Search code examples
c++xmlpdfpugixml

Read German text from XML and write to a PDF


I have an XML (in UTF-8). I have to read a value of a std::string variable from it using PugiXML libraries. After reading the value, I am printing it on console but in my actual project, I have to put that value to a PDF (using LibHaru libraries). My MWE is following:

#include <iostream>
#include "pugiconfig.hpp"
#include "pugixml.hpp"

using namespace pugi;

int main()
{   
    pugi::xml_document doc;
    pugi::xml_parse_result result = doc.load_file(FILEPATH);

    xml_node root_node = doc.child("Report");
    xml_node SystemName_node = root_node.child("SystemName");

    std::string strSystemName = SystemName_node.child_value();

    std::cout<<" The name of the system is: "<<strSystemName<<std::endl;

    return 0;
}

I am reading the value of a variable std::string strSystemName from a XML file using Pugixml libraries. After reading the variable I am printing it on screen (in my actual project, I am writing it to a pdf file). Problem: During debugging, I found that the strange characters have been read from the XML file (which is already in UTF-8), which appears if I print the variable on screen or put it to the pdf.

IMPORTANT: Printing to console is not too important. Important is to put it properly to the PDF file which is also using UTF-8 encoding. But I think that storing the variable in std::string is somehow creating problem and therefore the wrone value is passed to the PDF writer.

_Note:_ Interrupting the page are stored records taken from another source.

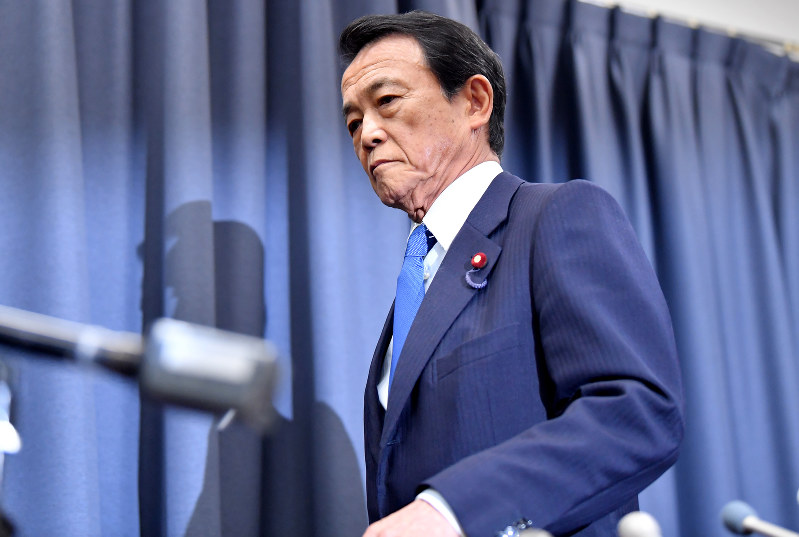 財務省決裁文書改ざん問題に関する調査結果発表のための記者会見に臨む麻生太郎財務相=財務省で4日午後3時31分、宮間俊樹撮影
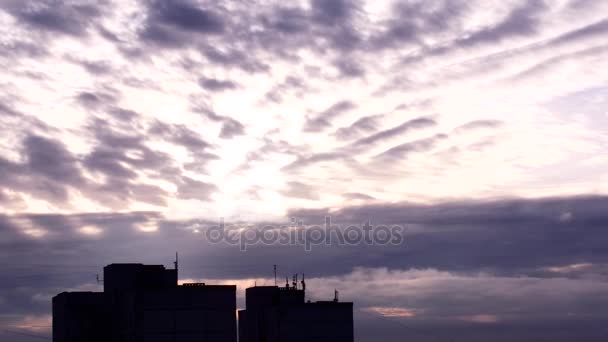 Tempo-lapso do movimento das nuvens. Céu bonito com uma tonalidade roxa — Vídeo de Stock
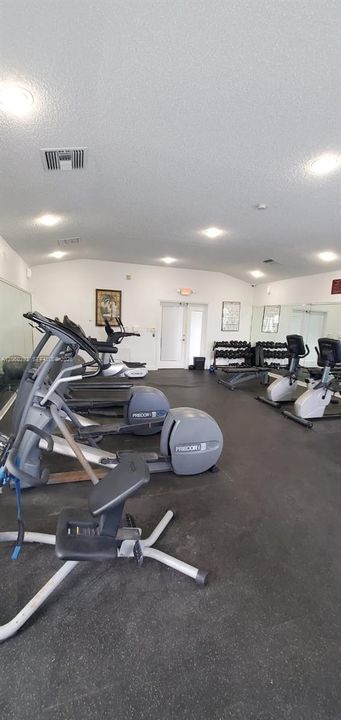 For Rent: $2,100 (2 beds, 2 baths, 975 Square Feet)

PS: I am using VS2010 which is without C++11.


Solution

  • The problem here is that std::cout is just reflecting the UTF-8 bytes in the string to the console. Normally on Windows, the console is not running in UTF-8, but in (for example) code page 1252, so the two bytes of a UTF-8 'ä` get displayed as two characters.

    Your solution is either to convert the console to UTF-8 (see this answer), or to convert your UTF-8 string into a CP-1252 string. I think this is going to require MultiByteToWideChar (specifying UTF-8) + WideCharToMultiByte (specifying CP-1252)

    To debug your actual problem (passing UTF-8 strings into pugixml), you need to look at the actual bytes in the strings, and check they are what you think they are.